The same name for a function and a variable

julia> function dis(x, y)
       return dis =  sqrt(x^2 + y^2)
dis (generic function with 1 method)

julia> a = dis(1, 2)

julia> dis = dis(1,2)
ERROR: invalid redefinition of constant dis
 [1] top-level scope
   @ REPL[5]:1

It seems that it is ok to have a variable of the same name with a function inside the function, but not outside the function.

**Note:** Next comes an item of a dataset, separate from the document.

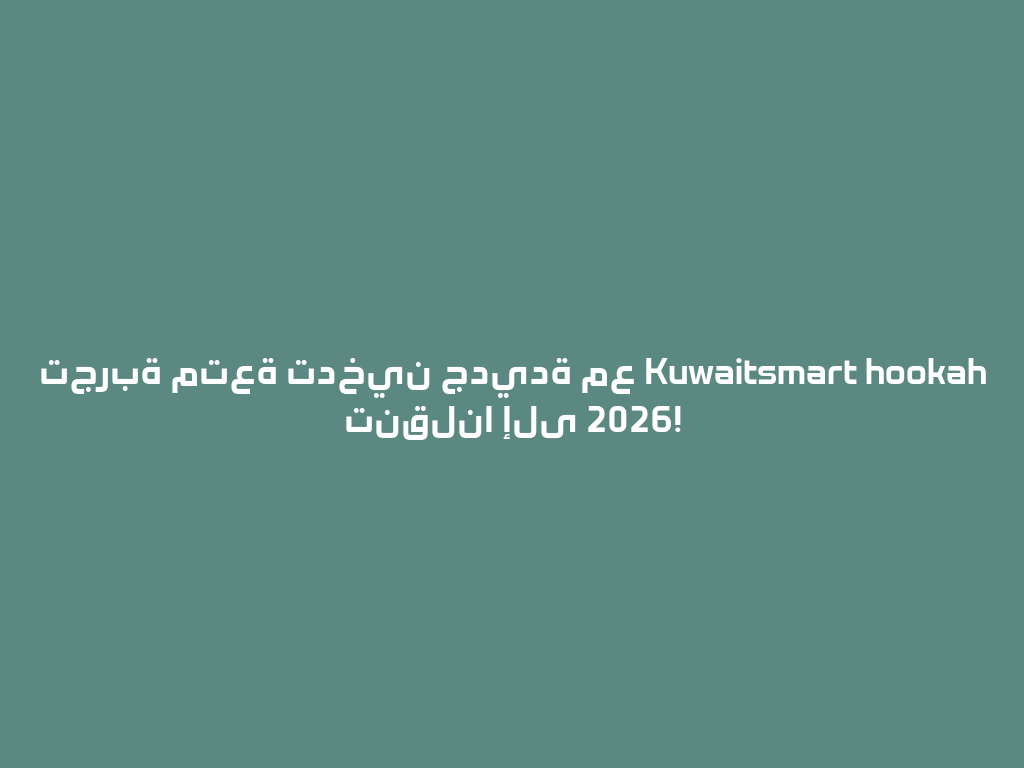 تجربة متعة تدخين جديدة مع Kuwaitsmart hookah تنقلنا إلى 2026! 一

This is somehow inconvenient, as I want a function for generating some variable, and for the sake of my memory, I want to name the function and the variable the same, so that I can call the function like

distance = distance(x, y)

Remember what I said earlier today? Assignments in local scopes do not reassign global variables by default. A function is a “hard scope”, so that rule doesn’t change in the REPL either. So, dis = sqrt... made a new local variable; 2 scopes, 2 different variables. However, dis = dis(...) in the global scope does attempt to reassign a global variable; 1 scope cannot have 2 different variables with the same name. Global functions are protected by implicit const declarations, meaning that variable cannot be reassigned. If dis wasn’t const, you lose access to the function, for example:

  function f(x) # f is local variable, cannot be const
    f = x
  f(1) # call reassigns f
  f(1) # fails because f is not assigned to a function anymore

In any language, It’s bad practice to use the same name for 2 different variables in nested scopes. Use different names for different meanings; dis should not refer to a function and a possible output.


A thousand times, this. You will save yourself so many headaches later on if you follow this advice.

One suggestion if you’re the one writing the function is to add a verb to your function names to make it clear that they’re functions. And you can always add articles to variables to make it clear. Eg getdistance() for a function and a_distance or thedistance for variables.